Biden devrait-il gracier Trump?
Il y a déjà plusieurs mois que des observateurs ont soulevé la question, mais l’inculpation du 45e président la semaine dernière a relancé le débat. Doit-on laisser la justice suivre son cours, en risquant au passage de déchirer la nation, ou devrait-on plutôt envisager un pardon?
Les partisans du pardon
Les férus d’histoire se rappellent probablement que Gerald Ford avait opté pour un pardon présidentiel le 8 septembre 1974. Évoquant une véritable tragédie, il doutait que son prédécesseur puisse jouir de la présomption d’innocence et d’un procès juste.
Plutôt que de laisser ses concitoyens s’entre-déchirer pendant un processus long et douloureux, il jugeait plus sage de regarder vers l’avenir en assurant la tranquillité à son pays (sa déclaration est ici).
La décision de Ford avait été dénoncée vivement par des journalistes, des politiciens et des citoyens, mais avec le recul, la majorité des opposants considèrent maintenant que le pardon accordé à Nixon constituait la meilleure option.
En 2023, ceux et celles qui considèrent un pardon pour Trump ne sont pas forcément des partisans du 45e président. Un peu à l’image de Ford, ils et elles souhaitent éviter le pire. Leurs craintes sont amplifiées par la nature de Trump. Ce dernier semble aimer le chaos, il y est dans son élément.
Si on imagine plusieurs accusations après celles de New York, les partisans du pardon envisagent de très longues procédures judiciaires pendant lesquelles le cirque des 5-6 dernières années se poursuivrait. Ultimement, même un verdict de culpabilité ne changerait rien aux perceptions et la division demeurerait tout aussi profonde.
En opposition au pardon
Si j’ai bien lu tout ce qui se rattache à la décision de Ford et que j’ai bien noté qu’avec un peu de perspective ses opposants de 1974 ont changé d’opinion, je me rallie malgré tout à ceux et celles qui s’opposent à un geste d’ouverture de Biden.

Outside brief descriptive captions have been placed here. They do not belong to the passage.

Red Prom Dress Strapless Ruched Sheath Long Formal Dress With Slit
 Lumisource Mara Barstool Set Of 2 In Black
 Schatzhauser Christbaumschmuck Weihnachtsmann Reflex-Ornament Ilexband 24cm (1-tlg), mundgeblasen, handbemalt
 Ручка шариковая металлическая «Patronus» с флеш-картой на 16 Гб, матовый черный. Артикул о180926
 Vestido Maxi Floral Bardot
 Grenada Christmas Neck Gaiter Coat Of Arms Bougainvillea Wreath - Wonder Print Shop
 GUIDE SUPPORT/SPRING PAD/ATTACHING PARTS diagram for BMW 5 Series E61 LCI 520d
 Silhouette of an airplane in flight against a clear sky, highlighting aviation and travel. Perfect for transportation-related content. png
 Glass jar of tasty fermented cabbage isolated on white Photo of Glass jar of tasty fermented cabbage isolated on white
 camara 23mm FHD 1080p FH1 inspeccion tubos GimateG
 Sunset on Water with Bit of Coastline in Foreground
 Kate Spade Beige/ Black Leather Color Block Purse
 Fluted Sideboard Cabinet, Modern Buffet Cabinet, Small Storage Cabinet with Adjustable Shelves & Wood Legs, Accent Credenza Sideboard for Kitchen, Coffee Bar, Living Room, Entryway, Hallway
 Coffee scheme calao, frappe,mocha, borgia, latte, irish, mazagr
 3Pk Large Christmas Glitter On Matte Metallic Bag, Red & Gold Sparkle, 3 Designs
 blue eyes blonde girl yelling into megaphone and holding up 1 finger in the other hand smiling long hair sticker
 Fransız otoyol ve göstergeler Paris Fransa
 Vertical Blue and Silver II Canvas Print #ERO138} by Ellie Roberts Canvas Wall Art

Je pourrais résumer simplement l’argumentaire en affirmant que Trump n’est pas Nixon et que Biden n’est pas Ford. S’il est vrai que ce qu’on reprochait à Nixon était grave, en 2023 ce sont les fondements du système qu’il faut préserver. Ce que Biden lui-même appelait l’âme du pays.
Gracier Trump alors que pour une rare fois dans sa vie il est confronté aux retombées de ses propos et de ses magouilles m’apparaît contre-productif. Alors que les citoyens ont souvent l’impression que les lois ne s’appliquent pas aux riches et aux nantis, on enverrait un bien mauvais signal.
Plus important encore, de nombreux fanatiques, des représentants de l’extrême droite et des fascistes ont trouvé dans le 45e président un meneur providentiel. Eux qui se cachaient encore avant 2016, œuvrent maintenant en plein jour et noyautent le mouvement conservateur. Vous croyez qu’un pardon calmerait leurs ardeurs?
Si vous êtes de ceux et celles qui croient que les dernières années ont constitué un cauchemar pour les États-Unis, un pardon n’y changerait rien, il le prolongerait.